Trademark infringement under Indian law, particularly under Section 29 of the Trademark Act, occurs when a mark identical or deceptively similar to a registered trademark is used without authorization, causing confusion or association with the original trademark.

  1. What is the significance of 'prior use' in trademark law?

'Prior use' refers to the use of a trademark before the use or registration of a similar or identical mark by another party. In trademark disputes, demonstrating prior use can establish the rights of the original user over the subsequent user, often leading to the protection of the original user's trademark rights.

  1. What is the 'likelihood of confusion' test in trademark cases?

The 'likelihood of confusion' test assesses whether the average consumer would likely be confused about the source or origin of goods or services due to the similarity between two marks. Factors considered include the similarity of the marks, the similarity of the goods/services, and the consumer perception of the marks.

  1. How does the court determine if two trademarks are 'deceptively similar'?

The court compares the visual, phonetic, and conceptual similarities between the marks.
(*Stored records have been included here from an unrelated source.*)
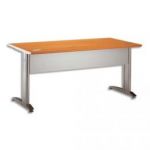 GAUTIER PLAN DROIT 140 CM NOYER PIEDS L TWIN
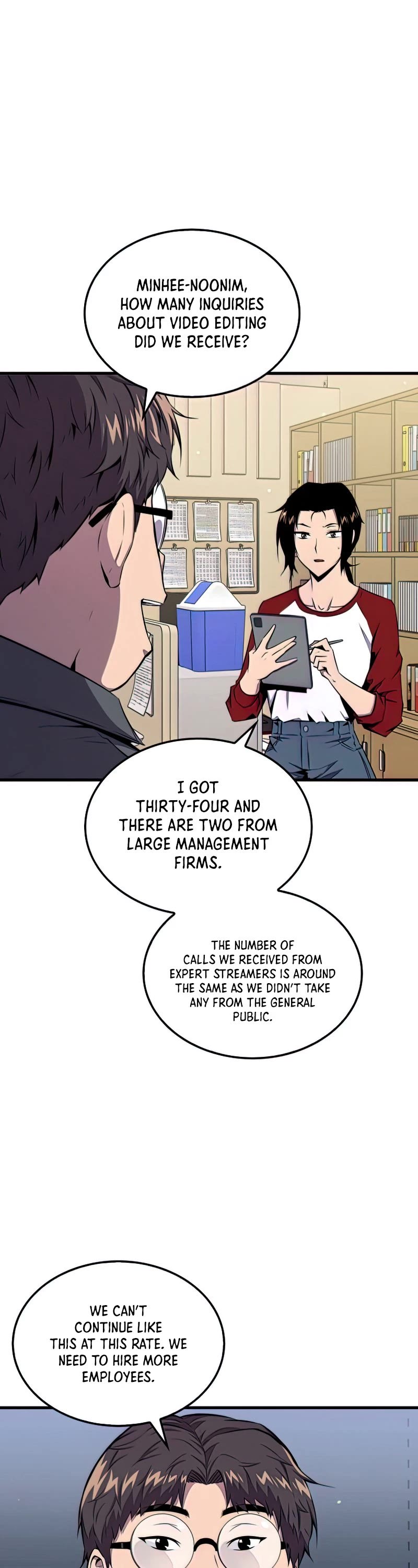 Sleeping Ranker Chapter 45 page 42 - Chapter 45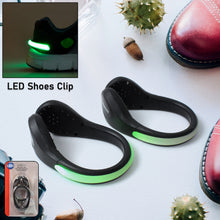 Led Shoes Clip Lights (All Shoes)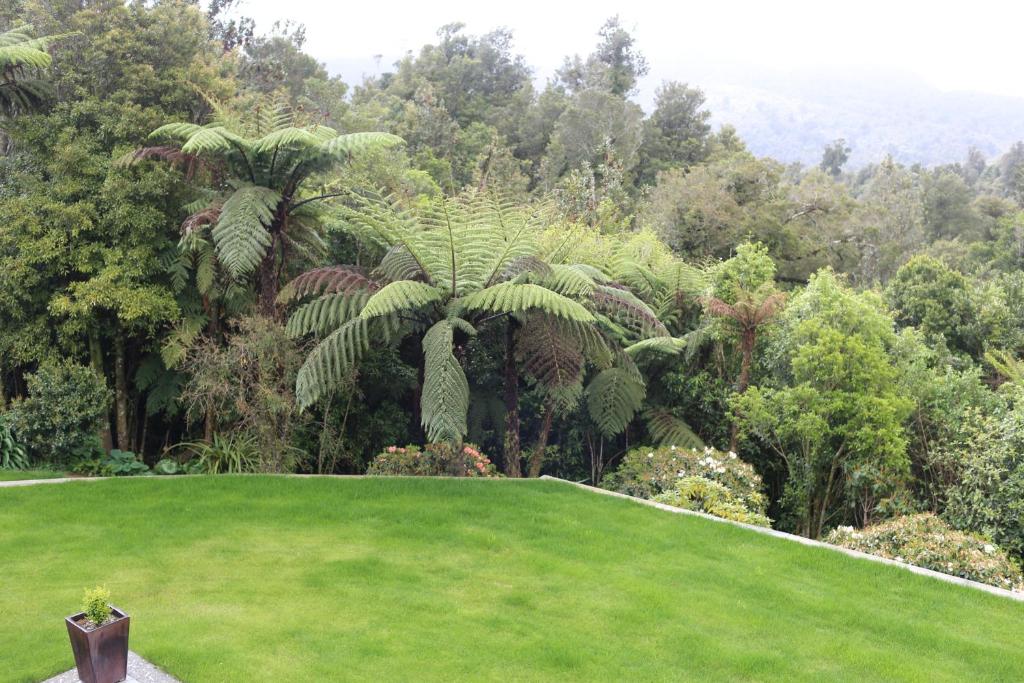 Surrounding environment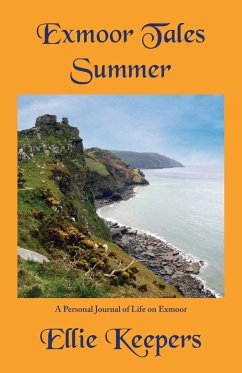 Exmoor Tales - Summer - Keepers, Ellie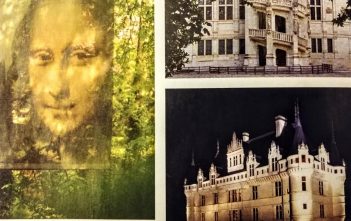 Pháp tôn vinh Leonardo da Vinci nhân 500 năm ngày giỗ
It also considers the overall impression created by the marks and the likelihood of confusion among consumers. The context in which the marks are used (e.g., the nature of the goods/services) is also relevant.

  1. What is the importance of 'class' in trademark registration?

Trademarks are registered under specific classes that categorize goods and services. In this case, both marks were registered under Class 12, which pertains to bicycles. Using a similar mark in the same class increases the likelihood of confusion and strengthens the infringement case.

  1. What is an interlocutory injunction, and why is it significant in trademark disputes?

An interlocutory injunction is a temporary court order that prevents a party from doing something (e.g., using a disputed trademark) until the case is resolved. It is significant in trademark disputes because it can prevent ongoing infringement and potential damage to the trademark owner's business and reputation.

  1. How does the principle of 'sophistication of user' affect trademark infringement cases?

The 'sophistication of user' principle considers the awareness and knowledge level of the typical consumers of the products in question. If consumers are deemed sophisticated, the likelihood of confusion may be lower. However, initial confusion can still occur even among knowledgeable consumers, which is relevant in assessing infringement.

  1. What is the role of 'estoppel' in trademark cases?

Estoppel prevents a party from taking a legal position that contradicts their previous actions or statements. In this case, the defendant argued that the plaintiff was estopped from claiming the impugned mark was similar to theirs due to a previous statement regarding a different mark. The court considered whether estoppel applied based on the specific circumstances.

  1. What evidence is crucial in proving trademark infringement?

Key evidence includes:

  • Proof of prior use and reputation of the trademark.

  • Evidence of the similarity between the marks (visual, phonetic, and conceptual).

  • Instances of actual consumer confusion.

  • Sales records, marketing materials, and invoices showing the use of the mark.